Exodus 23:12 associates rest with being “refreshed.”  Rest in the Webster’s 1828 Dictionary includes some fourteen variations, the most notable being, (1) Cessation of movement or action of any kind; (2) Quiet repose; a state free from motion or disturbance; and the contextual alternative, (3) That which is left (i.e. the rest).  Mark 6:31 identifies rest with leisure (the one time leisure is found in the KJB), which means, “freedom from occupation; convenience of time.”

So, we understand that to rest in the sense of taking time for one’s self might include stillness, quietness, cessation of effort, leisure, eating, drinking as well as many other common comforts.  The important factor to bear in mind; however, is that we rest that we might be refreshed, that we might carry on with our work.  Rest enables us to “comfort” our hearts (Gen. 18:4-8), comfort meaning, “to strengthen; to invigorate.”  Charles Spurgeon said, “Rest time is not waste time.  It is economy to gather fresh strength…it is wisdom to take occasional furlough.  In the long run we shall do more by sometimes doing less.”  He said, “They who work most must rest most.”

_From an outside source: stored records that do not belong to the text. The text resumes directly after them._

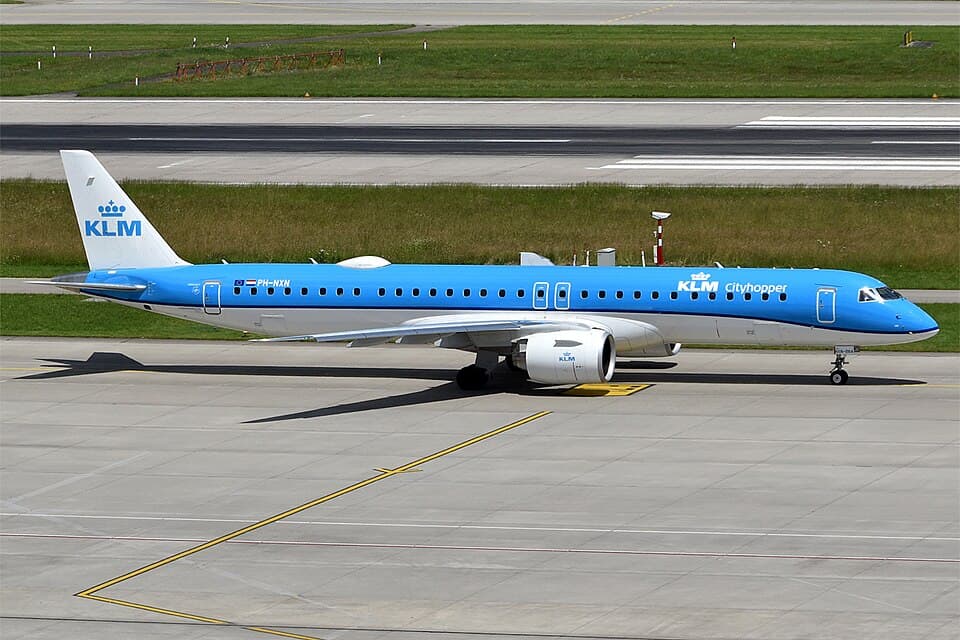 Embraer E195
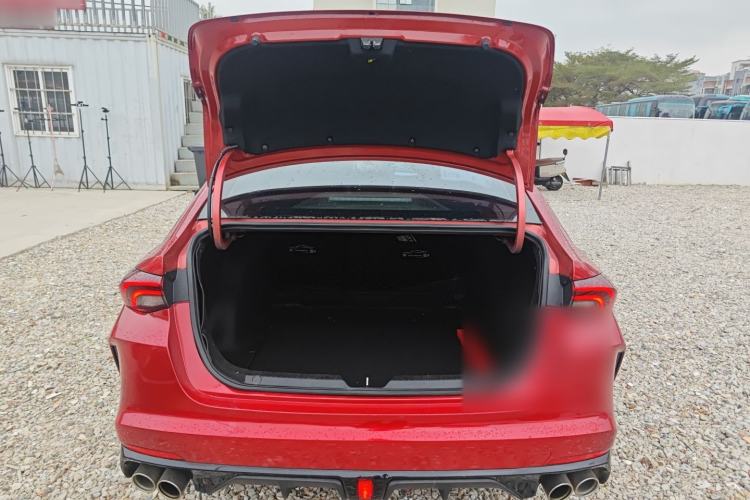 Used GAC Trumpchi EMPOW 2021 270T DCT J16 Version Trunk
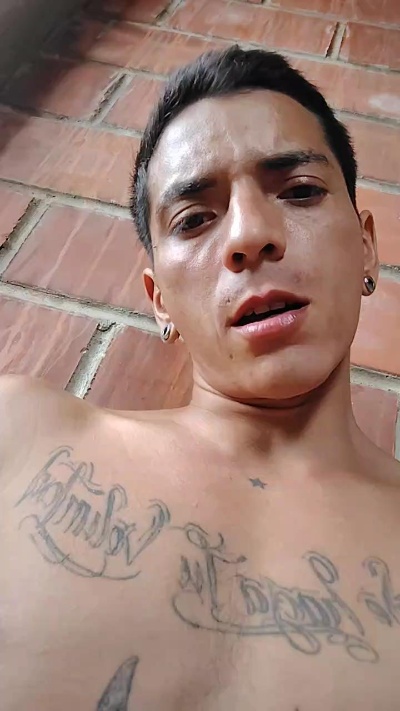 Ak47flexibles live cam on Cam4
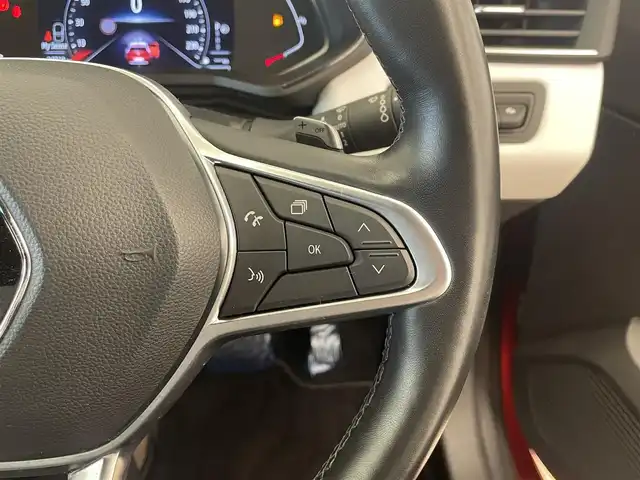 ルノー ルノー ルーテシア インテンス プラス 岡山県 2022(令4)年 2.5万km ルージュフラムM 純正ディスプレイオーディオ/Bluetooth/AppleCarPlay/AndroidAuto/USB/バックカメラ/パドルシフト/黒レザーシート/ステアリングヒーター/シートヒーター（D/N）/ACC/ブラインドスポット/前後コーナーセンサー/前後ドライブレコーダー/ETC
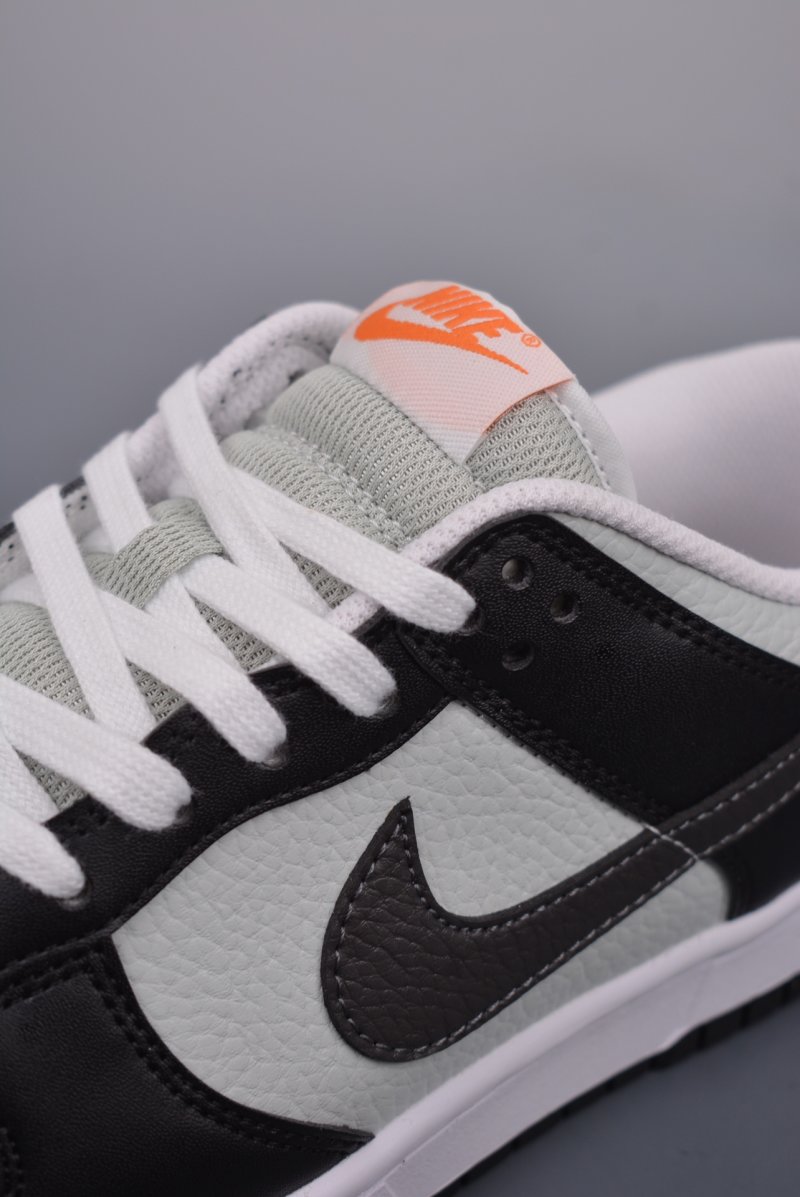 Nike SB Dunk Low view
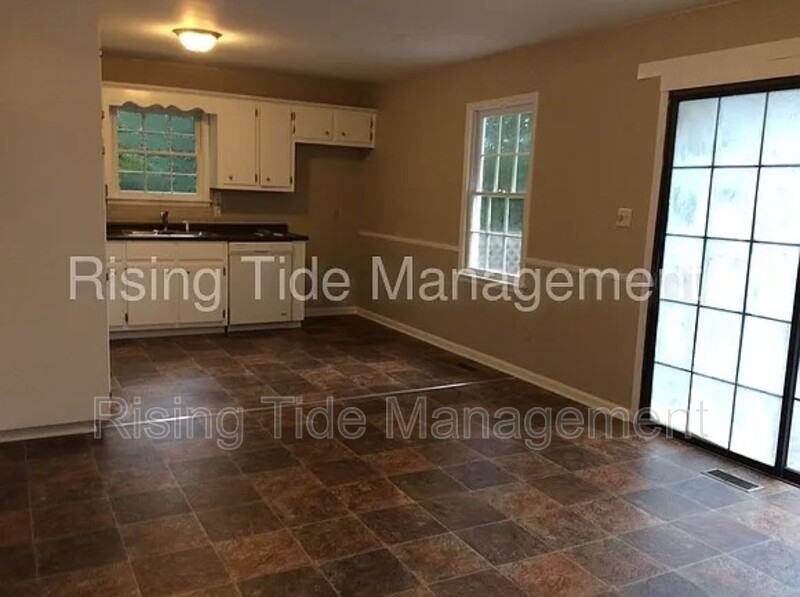 5757 Walnut Grove Rd - Photo 3 of 12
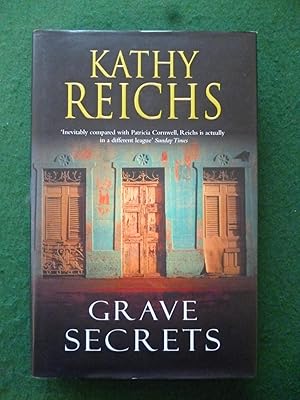 Imagen del vendedor de Grave Secrets a la venta por Shelley's Books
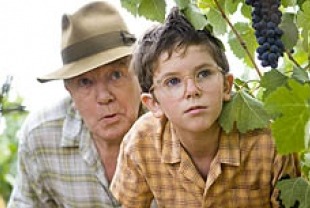 Albert Finney as Uncle Henry and Freddie Highmore as young Max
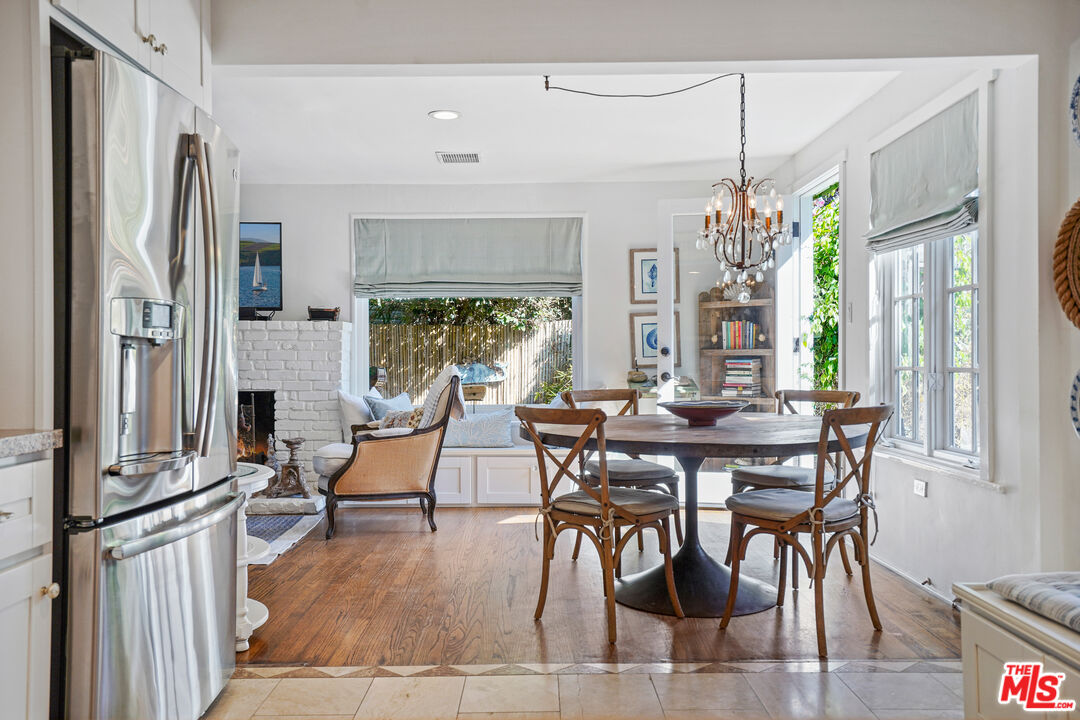 6712 Portshead Rd Unit: Cottage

So many of our struggles could be remedied, or at least ameliorated by taking some time to rest.  Much of our discouragements and depressions could be chalked up to fatigue.  Again, Spurgeon said, “Depression is a leak through which the soul’s force wastes itself drop by drop.”  Find some time to sleep.  Eat some good food.  Take a walk in the park or down a forrest trail.  But most of all, remember, “No man ever rested too long upon the bosom of Jesus” (Spurgeon).